[WORK ORDER]
Transcribe the listing that follows in full, exactly, and drop its images.

[RECORD SET]
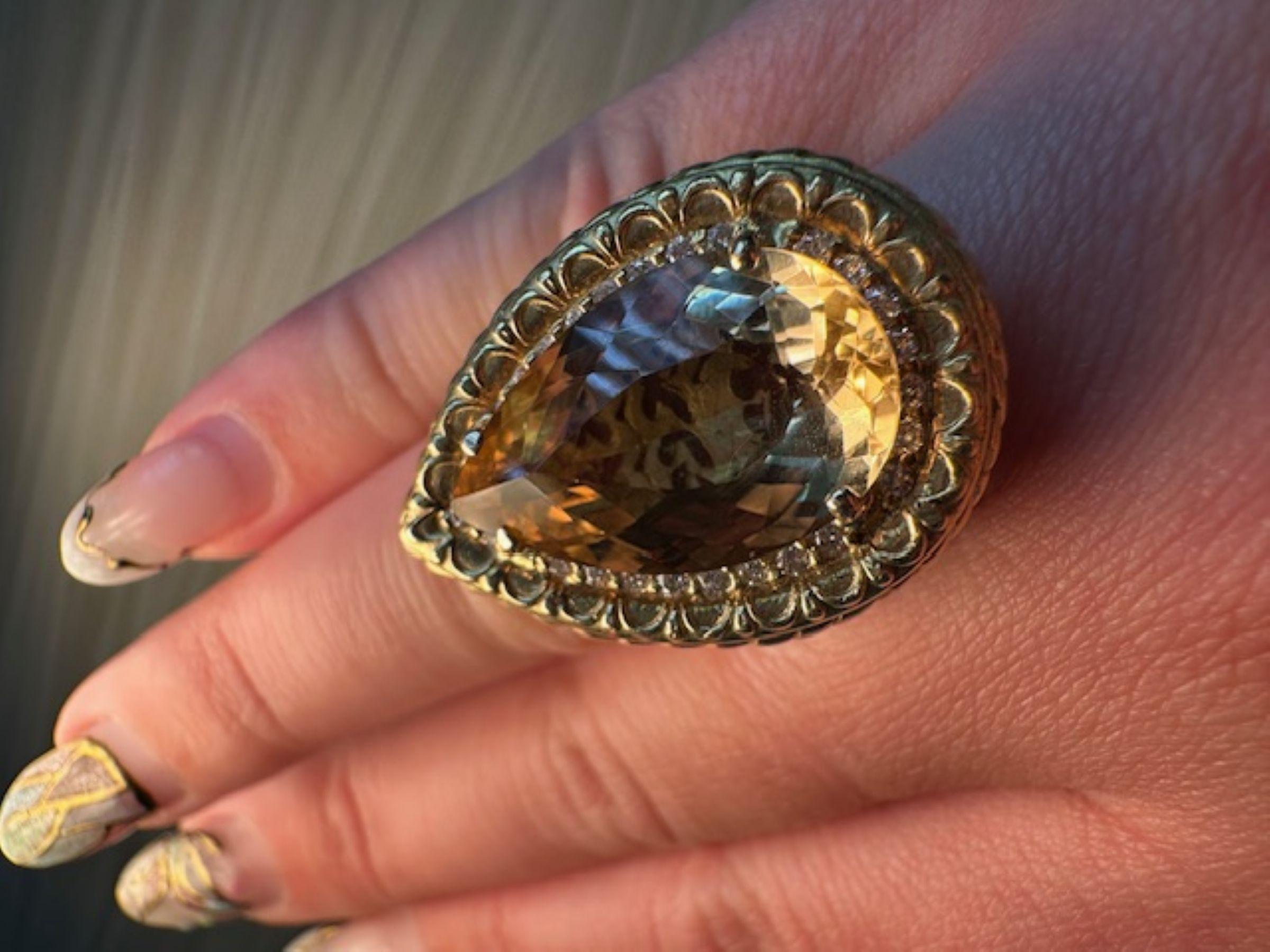 Golden Radiance - Bague en béryl jaune de 20,94ct avec 0,38ct de diamants en 18ky en vente 2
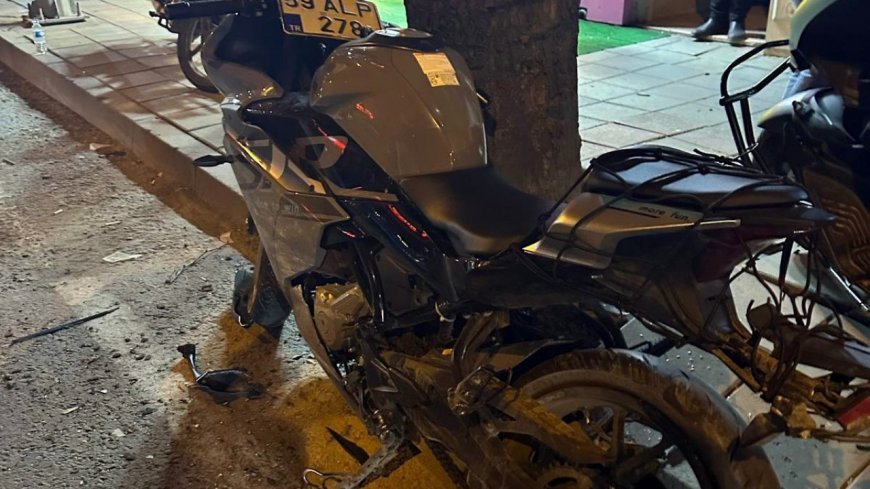 Otomobille çarpışan motosiklet sürücüsü yaralandı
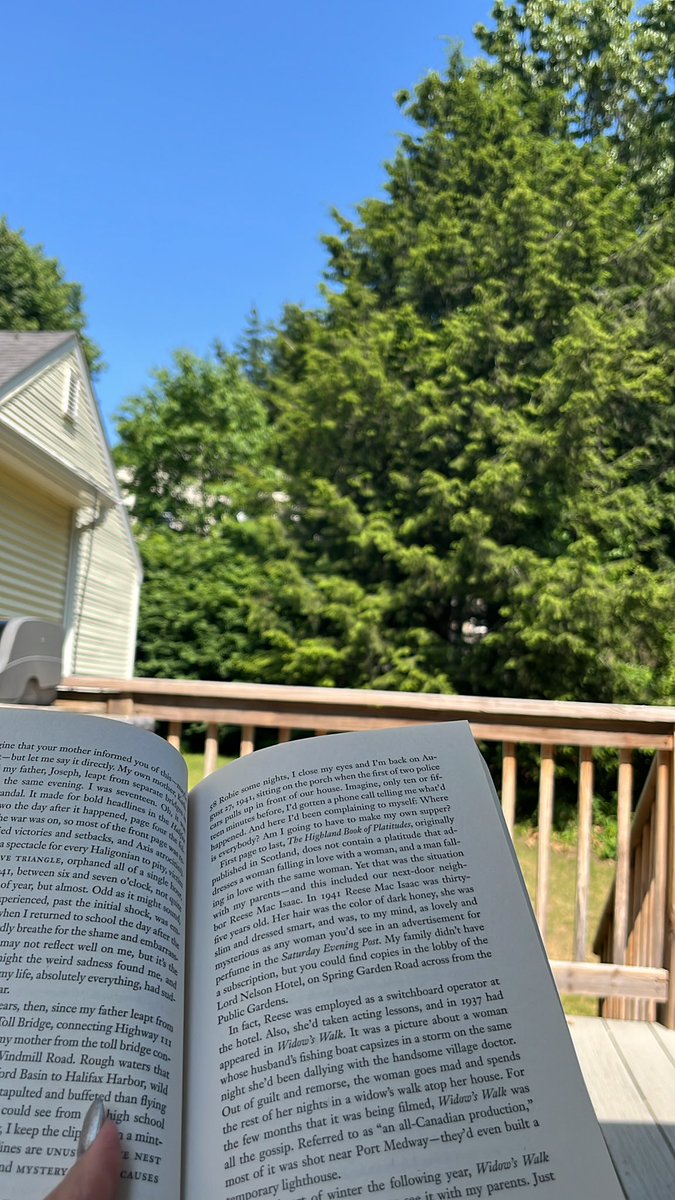 Some serious reading happening.. 
#outdoorliving #patioweather #windinmyhair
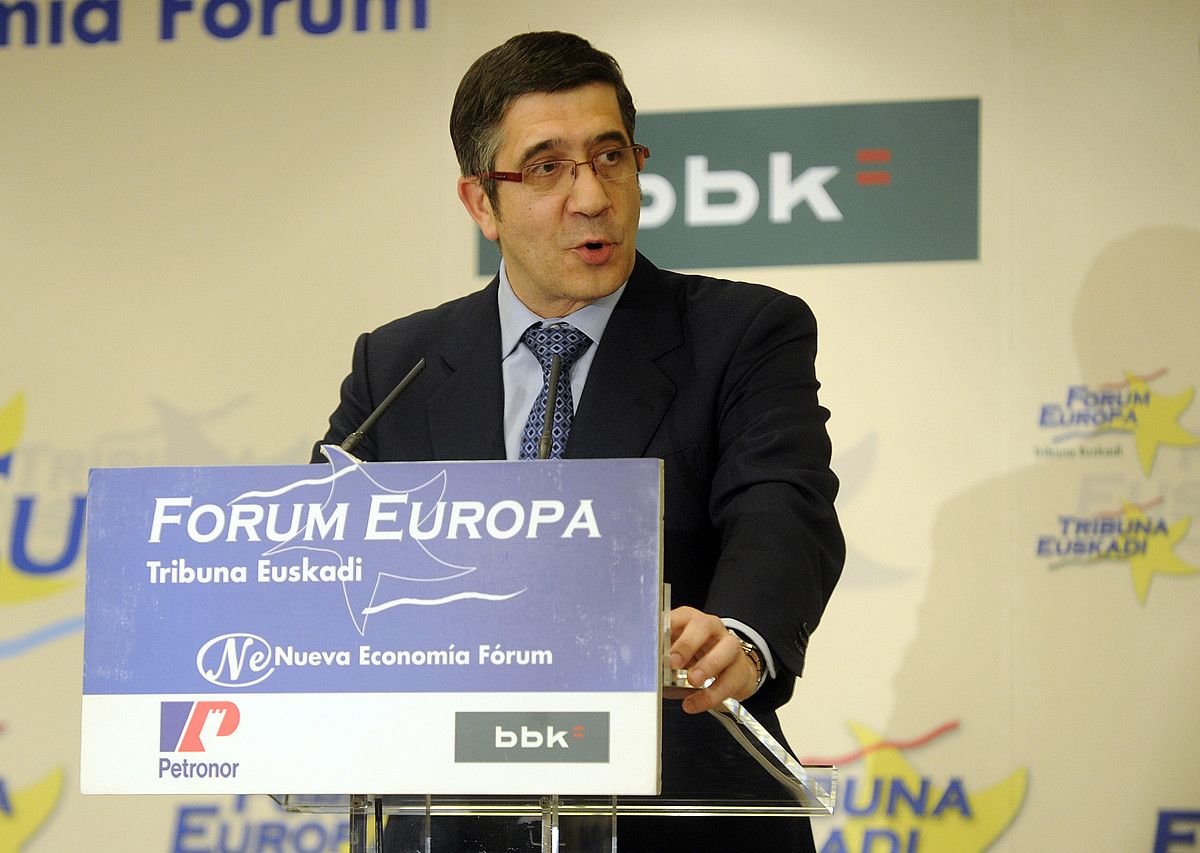 Eusko Jaurlaritzako lehendakari Patxi Lopez, atzo, Forum Europa gunean. MONIKA DEL VALLE / ARGAZKI PRESS. Eusko Jaurlaritzako lehendakari Patxi Lopez, atzo, Forum Europa gunean. MONIKA DEL VALLE / ARGAZKI PRESS.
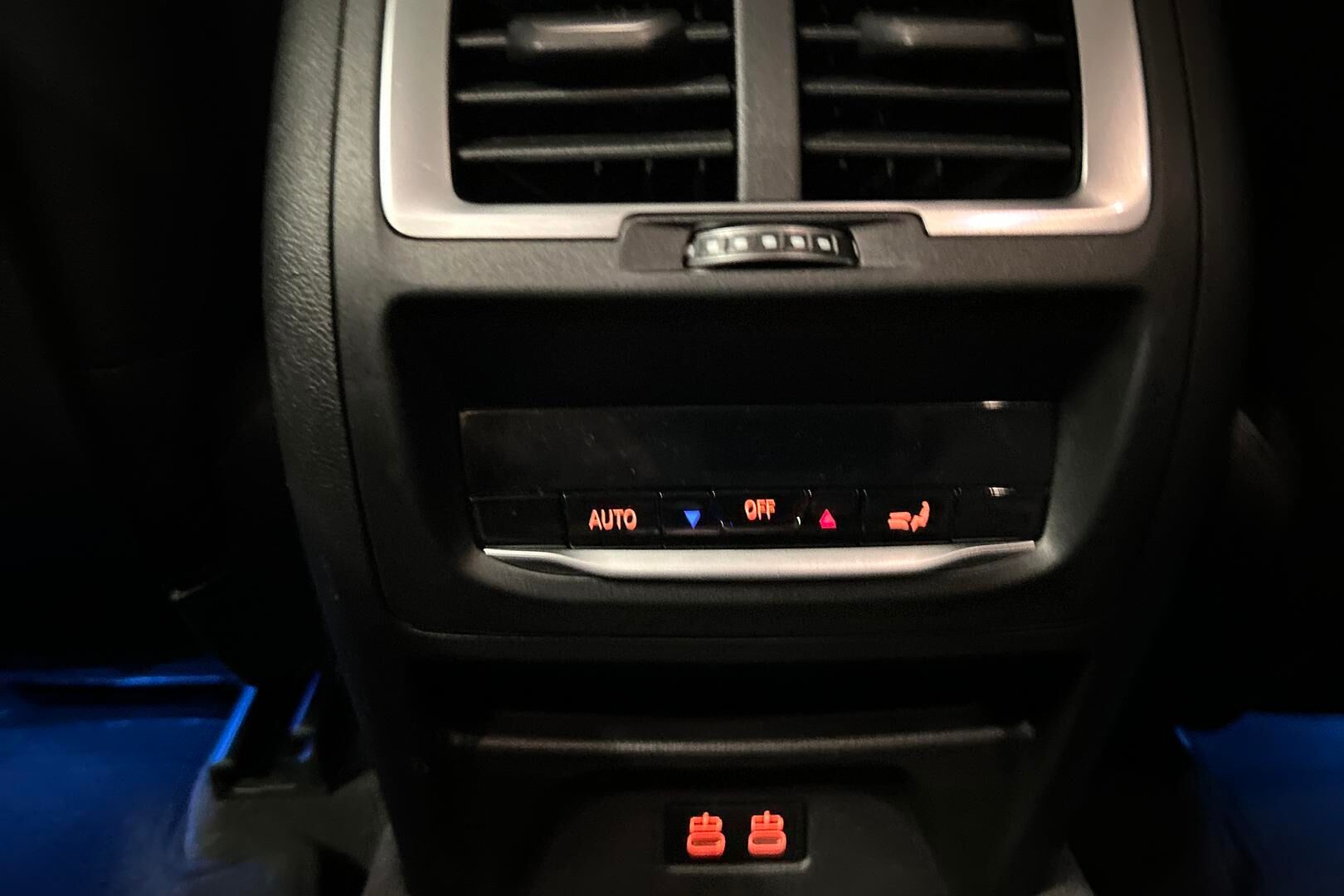 BMW iX3 iso kuva 30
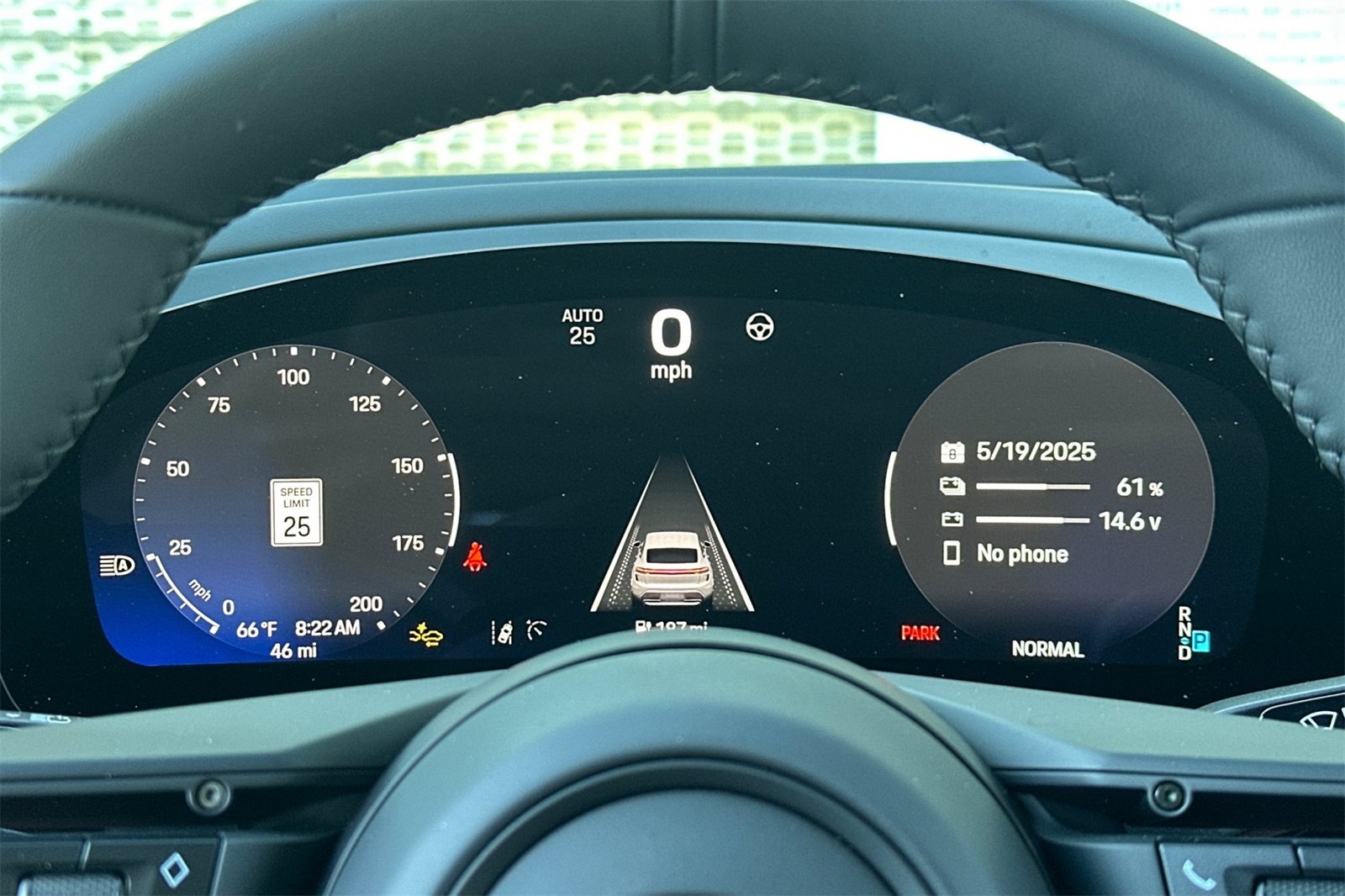 2025 Porsche Macan Electric photo 25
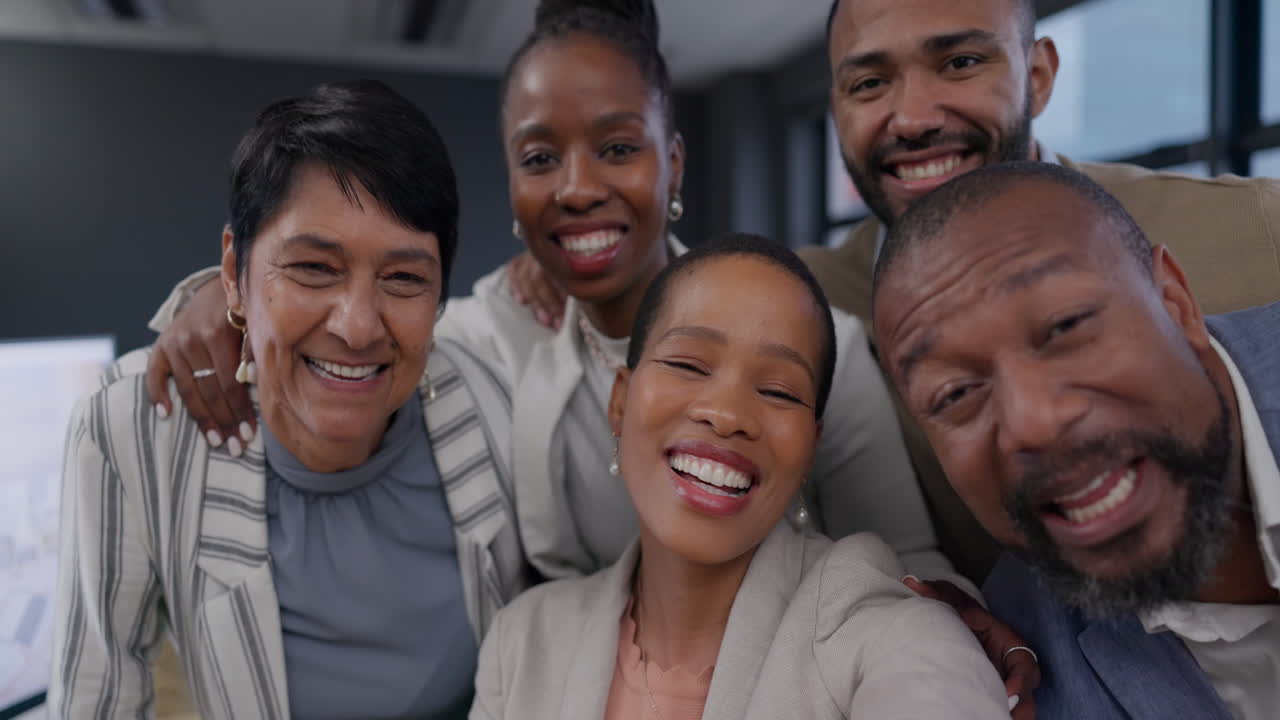 cara, selfie y gente de negocios con el signo de la paz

[EXERCISE OUTPUT]
 Golden Radiance - Bague en béryl jaune de 20,94ct avec 0,38ct de diamants en 18ky en vente 2
 Otomobille çarpışan motosiklet sürücüsü yaralandı
 Some serious reading happening.. 
#outdoorliving #patioweather #windinmyhair
 Eusko Jaurlaritzako lehendakari Patxi Lopez, atzo, Forum Europa gunean. MONIKA DEL VALLE / ARGAZKI PRESS. Eusko Jaurlaritzako lehendakari Patxi Lopez, atzo, Forum Europa gunean. MONIKA DEL VALLE / ARGAZKI PRESS.
 BMW iX3 iso kuva 30
 2025 Porsche Macan Electric photo 25
 cara, selfie y gente de negocios con el signo de la paz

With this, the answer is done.